TASK —
Nothing but an exact reprint of the records is to be returned.
START DATA SHOWN
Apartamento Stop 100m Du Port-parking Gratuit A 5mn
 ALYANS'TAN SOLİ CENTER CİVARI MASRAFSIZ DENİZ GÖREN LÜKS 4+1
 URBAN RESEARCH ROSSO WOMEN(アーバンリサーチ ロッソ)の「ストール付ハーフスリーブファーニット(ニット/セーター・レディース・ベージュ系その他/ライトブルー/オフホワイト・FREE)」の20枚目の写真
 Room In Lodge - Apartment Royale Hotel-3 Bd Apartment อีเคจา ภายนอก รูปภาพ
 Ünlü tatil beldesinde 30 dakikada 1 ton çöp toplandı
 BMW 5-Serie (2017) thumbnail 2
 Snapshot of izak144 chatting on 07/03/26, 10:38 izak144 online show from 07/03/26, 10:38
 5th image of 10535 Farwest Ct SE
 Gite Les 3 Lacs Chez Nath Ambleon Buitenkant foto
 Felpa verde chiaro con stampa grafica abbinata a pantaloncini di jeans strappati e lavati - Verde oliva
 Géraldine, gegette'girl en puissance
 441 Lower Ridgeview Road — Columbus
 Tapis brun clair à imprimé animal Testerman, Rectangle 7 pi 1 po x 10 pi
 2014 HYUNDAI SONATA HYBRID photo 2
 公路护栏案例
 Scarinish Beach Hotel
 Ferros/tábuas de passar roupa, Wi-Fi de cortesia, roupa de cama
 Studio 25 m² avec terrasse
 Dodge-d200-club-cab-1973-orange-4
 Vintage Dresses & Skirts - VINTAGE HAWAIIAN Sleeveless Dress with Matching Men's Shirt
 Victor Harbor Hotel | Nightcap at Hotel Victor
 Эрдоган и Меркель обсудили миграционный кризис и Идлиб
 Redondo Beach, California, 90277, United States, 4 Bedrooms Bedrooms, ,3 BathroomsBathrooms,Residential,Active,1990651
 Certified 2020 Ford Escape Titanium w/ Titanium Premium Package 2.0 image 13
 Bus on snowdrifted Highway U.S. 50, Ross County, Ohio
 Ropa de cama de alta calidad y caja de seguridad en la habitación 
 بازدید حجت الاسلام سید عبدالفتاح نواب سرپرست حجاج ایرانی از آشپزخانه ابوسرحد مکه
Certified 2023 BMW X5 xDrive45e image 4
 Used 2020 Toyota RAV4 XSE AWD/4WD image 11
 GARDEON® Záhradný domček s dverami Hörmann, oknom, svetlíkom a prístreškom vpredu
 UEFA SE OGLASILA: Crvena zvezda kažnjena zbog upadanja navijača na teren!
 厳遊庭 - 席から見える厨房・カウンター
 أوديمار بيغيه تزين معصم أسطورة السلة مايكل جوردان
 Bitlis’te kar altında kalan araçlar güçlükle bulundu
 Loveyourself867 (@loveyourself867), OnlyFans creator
END DATA SHOWN
EXERCISE RESPONSE —
Apartamento Stop 100m Du Port-parking Gratuit A 5mn
 ALYANS'TAN SOLİ CENTER CİVARI MASRAFSIZ DENİZ GÖREN LÜKS 4+1
 URBAN RESEARCH ROSSO WOMEN(アーバンリサーチ ロッソ)の「ストール付ハーフスリーブファーニット(ニット/セーター・レディース・ベージュ系その他/ライトブルー/オフホワイト・FREE)」の20枚目の写真
 Room In Lodge - Apartment Royale Hotel-3 Bd Apartment อีเคจา ภายนอก รูปภาพ
 Ünlü tatil beldesinde 30 dakikada 1 ton çöp toplandı
 BMW 5-Serie (2017) thumbnail 2
 Snapshot of izak144 chatting on 07/03/26, 10:38 izak144 online show from 07/03/26, 10:38
 5th image of 10535 Farwest Ct SE
 Gite Les 3 Lacs Chez Nath Ambleon Buitenkant foto
 Felpa verde chiaro con stampa grafica abbinata a pantaloncini di jeans strappati e lavati - Verde oliva
 Géraldine, gegette'girl en puissance
 441 Lower Ridgeview Road — Columbus
 Tapis brun clair à imprimé animal Testerman, Rectangle 7 pi 1 po x 10 pi
 2014 HYUNDAI SONATA HYBRID photo 2
 公路护栏案例
 Scarinish Beach Hotel
 Ferros/tábuas de passar roupa, Wi-Fi de cortesia, roupa de cama
 Studio 25 m² avec terrasse
 Dodge-d200-club-cab-1973-orange-4
 Vintage Dresses & Skirts - VINTAGE HAWAIIAN Sleeveless Dress with Matching Men's Shirt
 Victor Harbor Hotel | Nightcap at Hotel Victor
 Эрдоган и Меркель обсудили миграционный кризис и Идлиб
 Redondo Beach, California, 90277, United States, 4 Bedrooms Bedrooms, ,3 BathroomsBathrooms,Residential,Active,1990651
 Certified 2020 Ford Escape Titanium w/ Titanium Premium Package 2.0 image 13
 Bus on snowdrifted Highway U.S. 50, Ross County, Ohio
 Ropa de cama de alta calidad y caja de seguridad en la habitación 
 بازدید حجت الاسلام سید عبدالفتاح نواب سرپرست حجاج ایرانی از آشپزخانه ابوسرحد مکه
Certified 2023 BMW X5 xDrive45e image 4
 Used 2020 Toyota RAV4 XSE AWD/4WD image 11
 GARDEON® Záhradný domček s dverami Hörmann, oknom, svetlíkom a prístreškom vpredu
 UEFA SE OGLASILA: Crvena zvezda kažnjena zbog upadanja navijača na teren!
 厳遊庭 - 席から見える厨房・カウンター
 أوديمار بيغيه تزين معصم أسطورة السلة مايكل جوردان
 Bitlis’te kar altında kalan araçlar güçlükle bulundu
 Loveyourself867 (@loveyourself867), OnlyFans creator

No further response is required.